**What is being asked**
The entries below contain pictures, which are to be left out; write out exactly, and only, the lines from the line with "Used 2013 Nissan Juke S FWD image 9" up to and including the line with "Suzuki Forenza 2007 photo 4".

**Data for this task**

--- START ---

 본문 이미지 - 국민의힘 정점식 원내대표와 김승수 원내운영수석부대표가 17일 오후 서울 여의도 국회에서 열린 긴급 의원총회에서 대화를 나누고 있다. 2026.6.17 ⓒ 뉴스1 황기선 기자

--- END ---
--- START ---

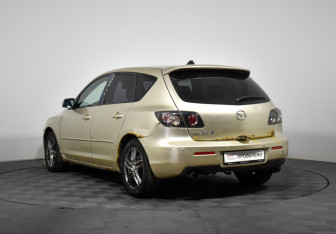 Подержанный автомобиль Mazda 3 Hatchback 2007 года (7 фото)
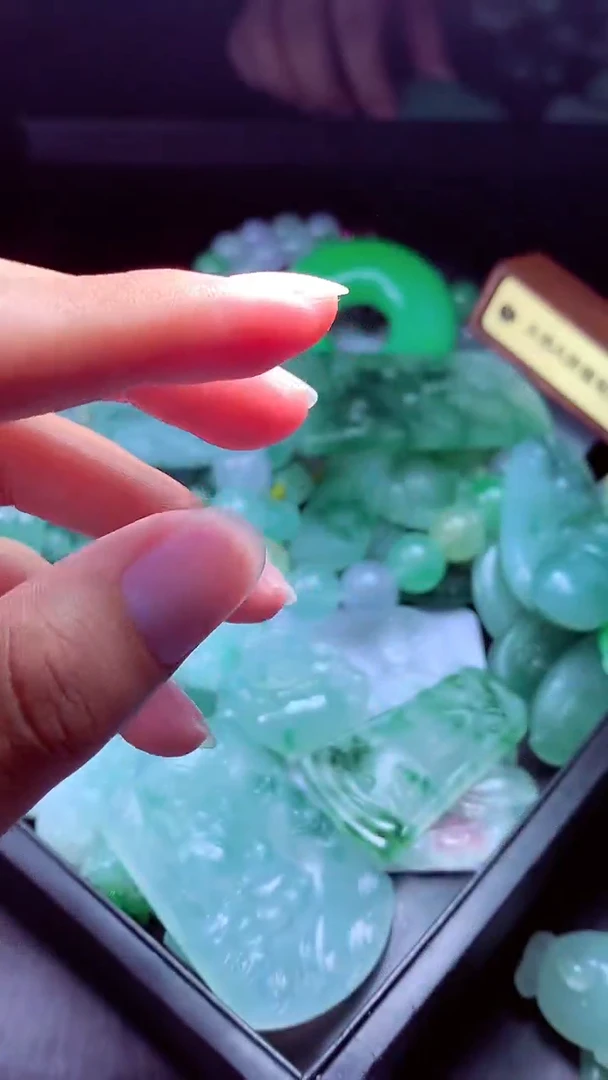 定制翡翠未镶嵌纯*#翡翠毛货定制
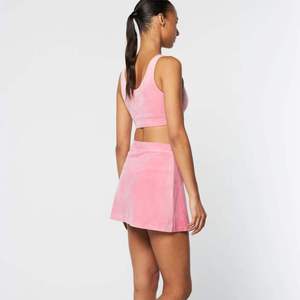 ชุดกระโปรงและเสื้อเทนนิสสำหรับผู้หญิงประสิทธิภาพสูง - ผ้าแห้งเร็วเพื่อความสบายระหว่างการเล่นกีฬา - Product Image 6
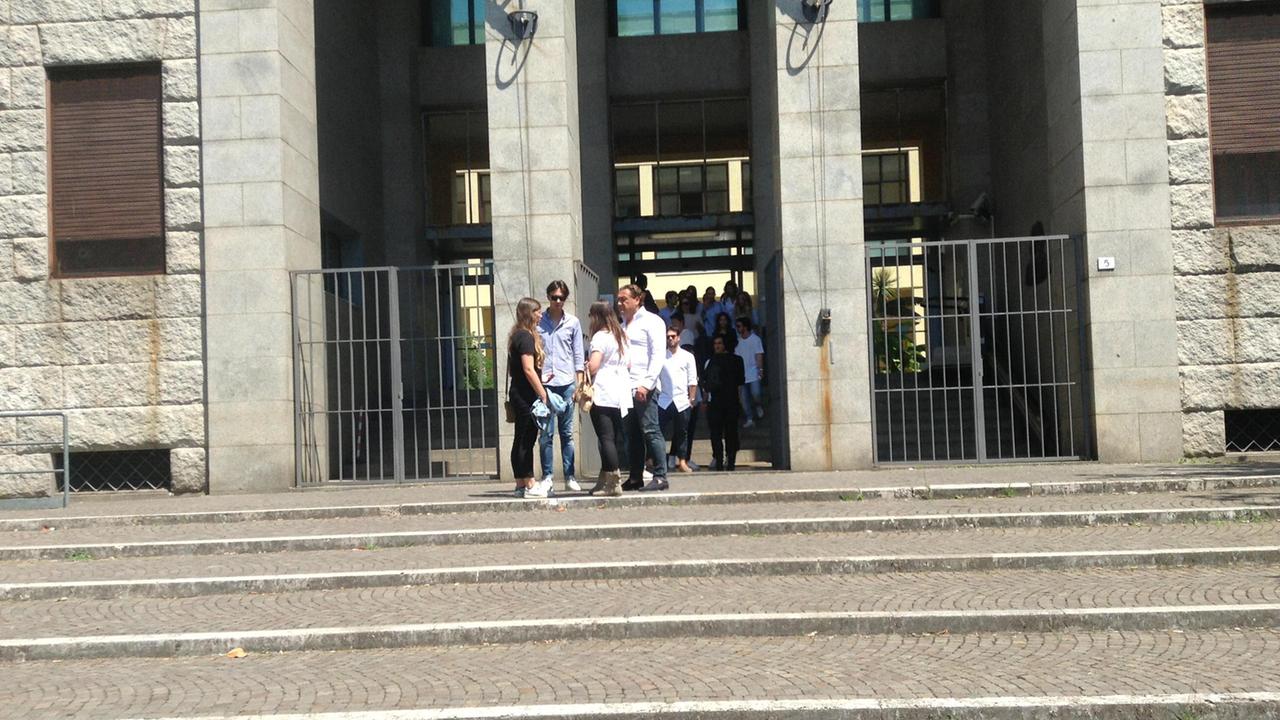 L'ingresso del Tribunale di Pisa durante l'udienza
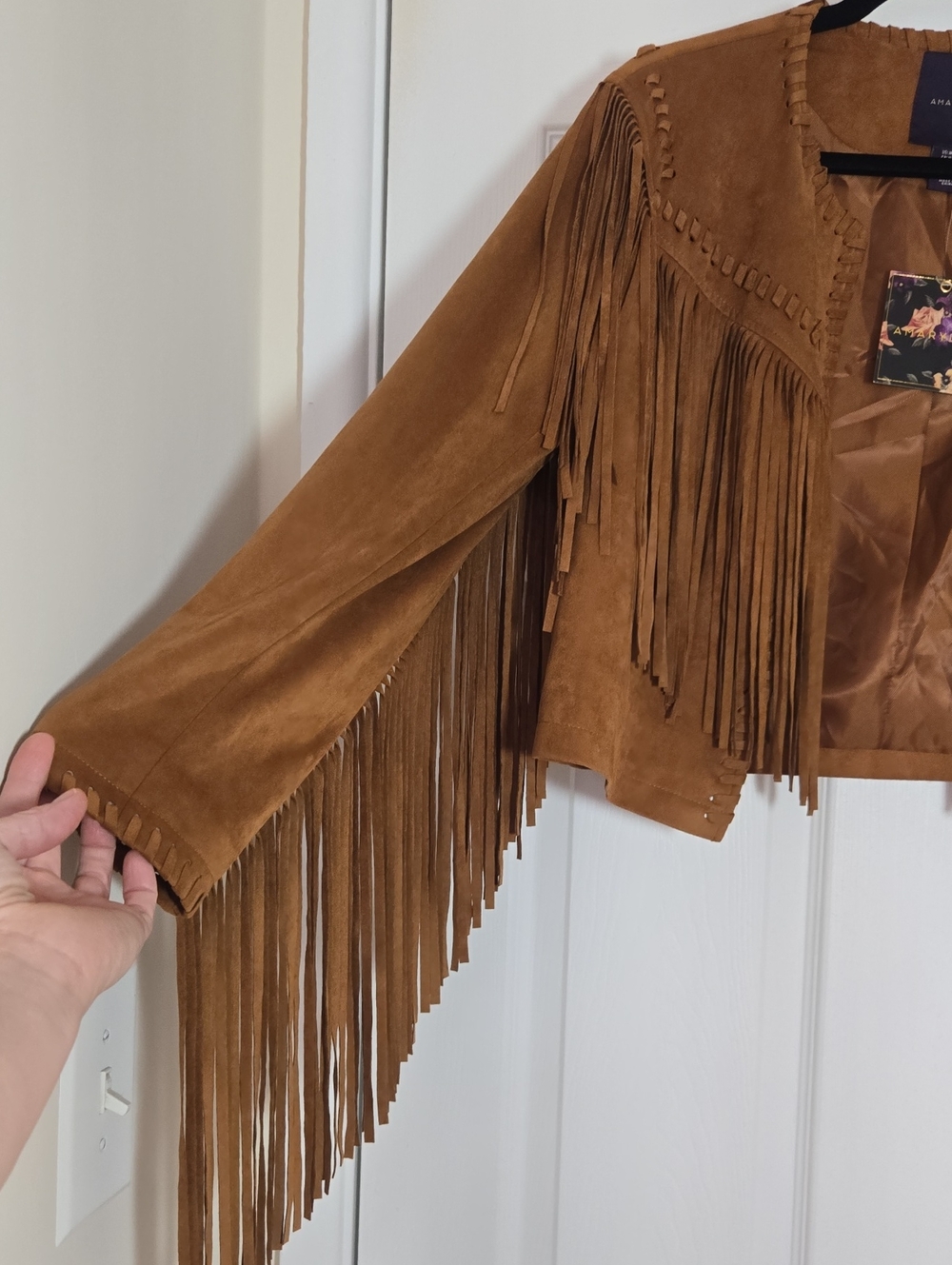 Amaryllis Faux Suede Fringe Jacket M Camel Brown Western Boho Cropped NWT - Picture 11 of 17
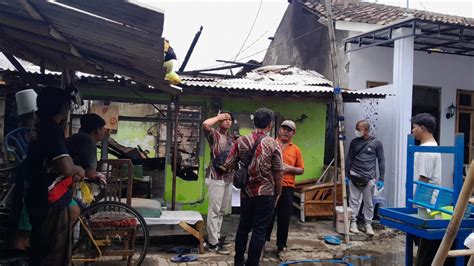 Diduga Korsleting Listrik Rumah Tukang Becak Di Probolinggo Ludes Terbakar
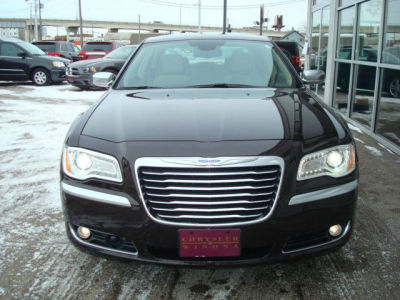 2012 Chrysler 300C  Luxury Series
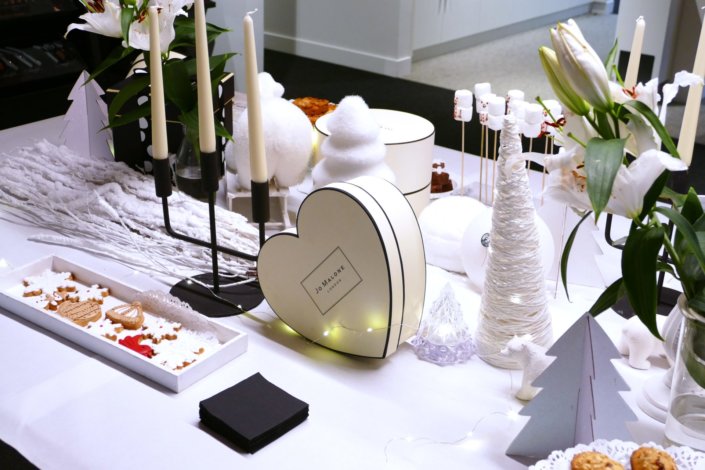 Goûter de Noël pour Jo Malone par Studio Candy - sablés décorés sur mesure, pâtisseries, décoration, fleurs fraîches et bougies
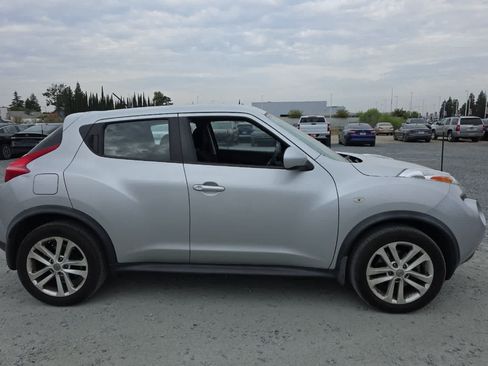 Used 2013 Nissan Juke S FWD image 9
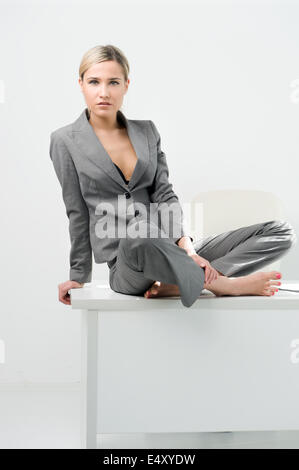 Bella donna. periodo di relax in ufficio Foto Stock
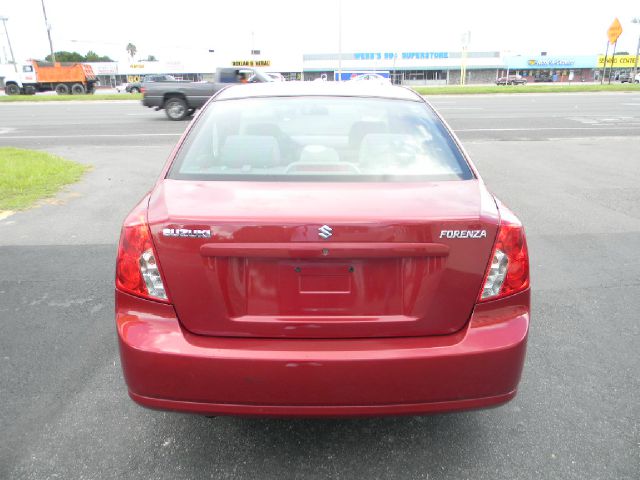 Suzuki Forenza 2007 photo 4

--- END ---
--- START ---

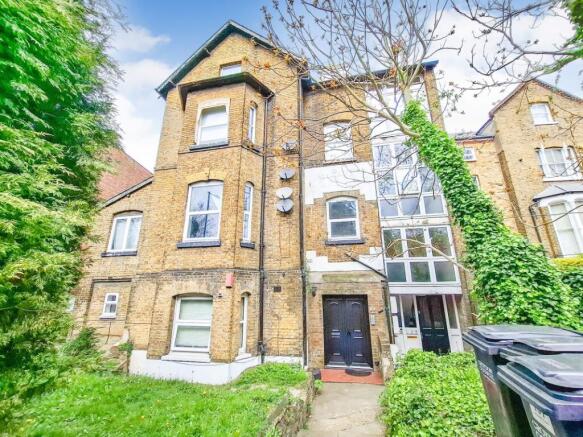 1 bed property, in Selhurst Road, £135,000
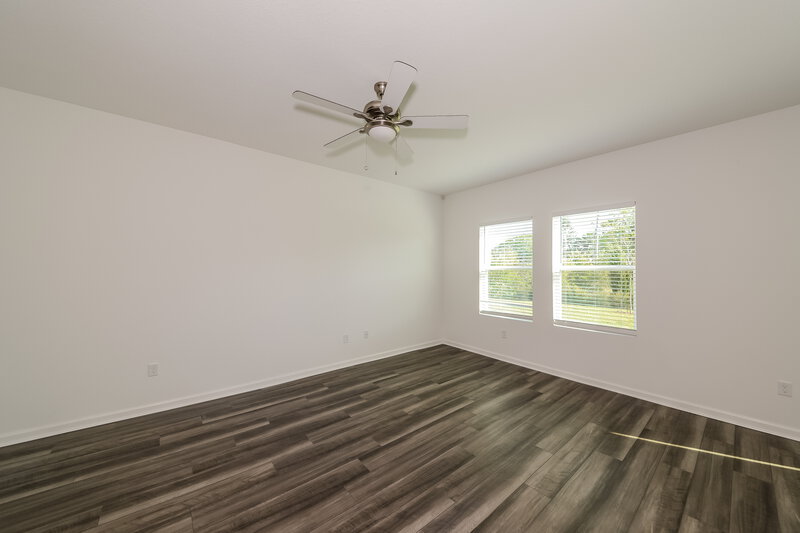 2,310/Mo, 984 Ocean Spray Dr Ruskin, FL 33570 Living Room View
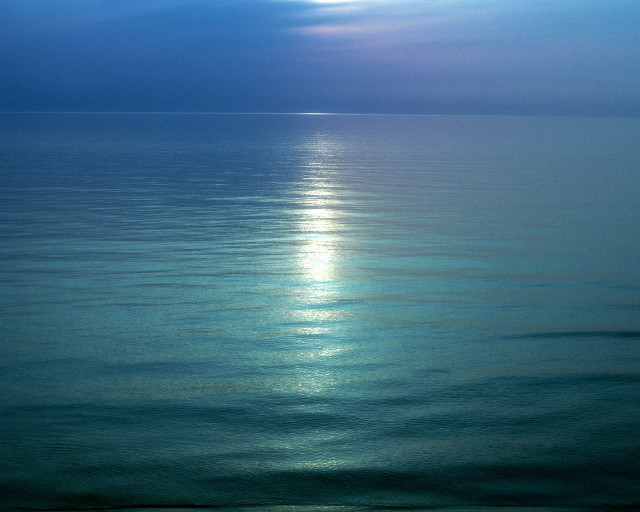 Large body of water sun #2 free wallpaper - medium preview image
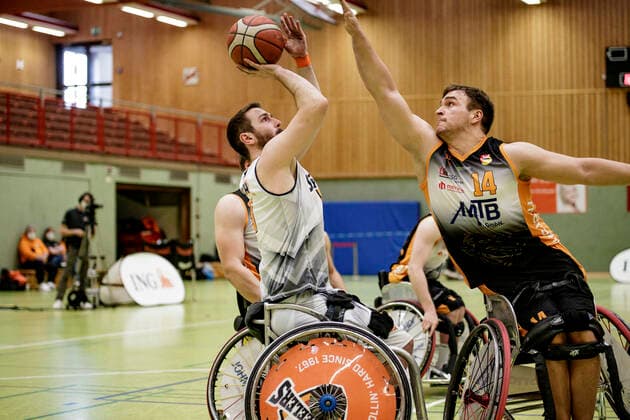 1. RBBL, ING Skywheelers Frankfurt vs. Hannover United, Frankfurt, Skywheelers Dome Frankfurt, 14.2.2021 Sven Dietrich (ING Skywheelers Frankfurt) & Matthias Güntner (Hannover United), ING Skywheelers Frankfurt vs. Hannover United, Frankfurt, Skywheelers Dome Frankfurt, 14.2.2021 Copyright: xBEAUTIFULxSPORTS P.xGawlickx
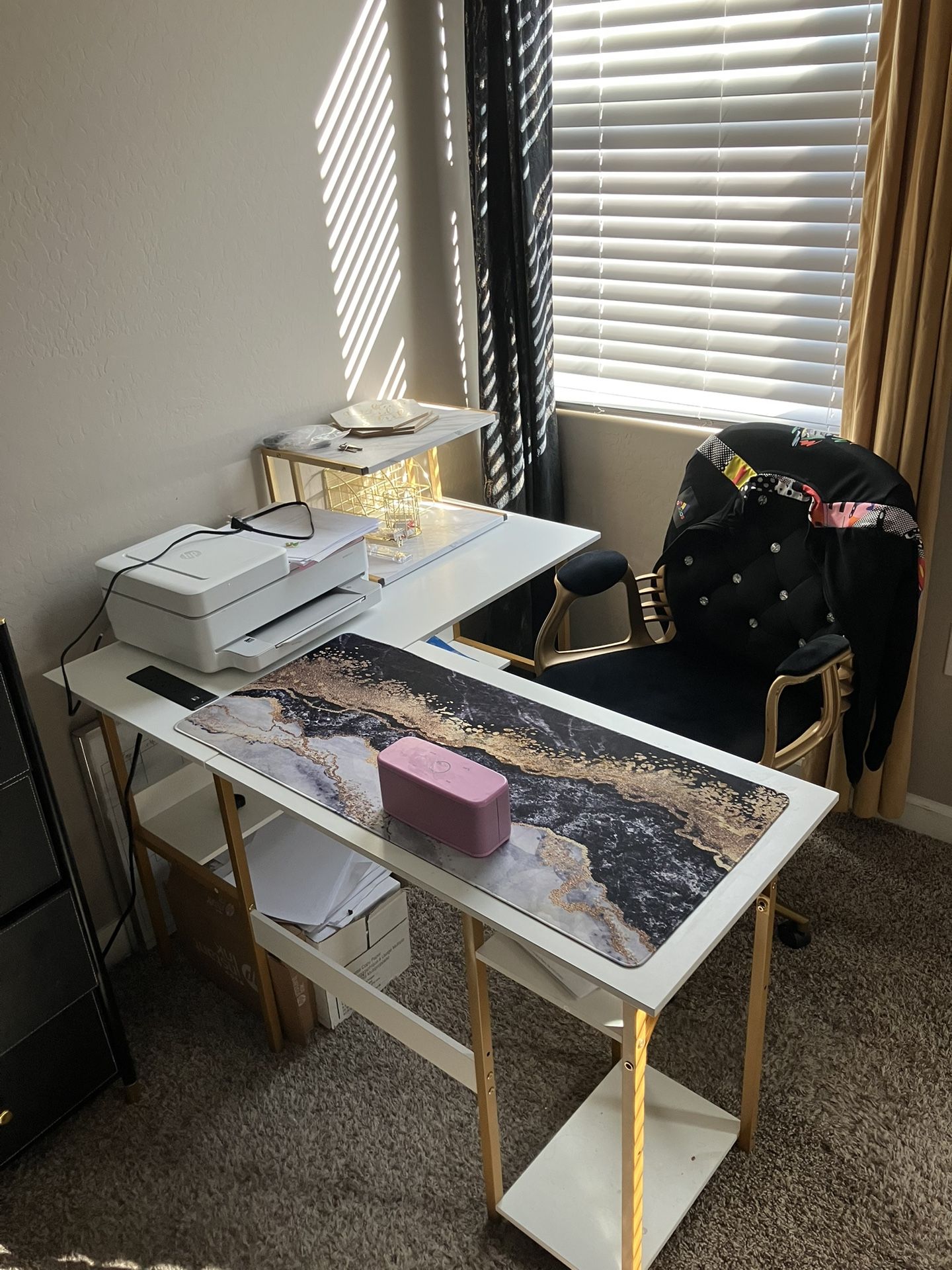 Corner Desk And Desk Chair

--- END ---

**Answer to this exercise**
 Used 2013 Nissan Juke S FWD image 9
 Bella donna. periodo di relax in ufficio Foto Stock
 Suzuki Forenza 2007 photo 4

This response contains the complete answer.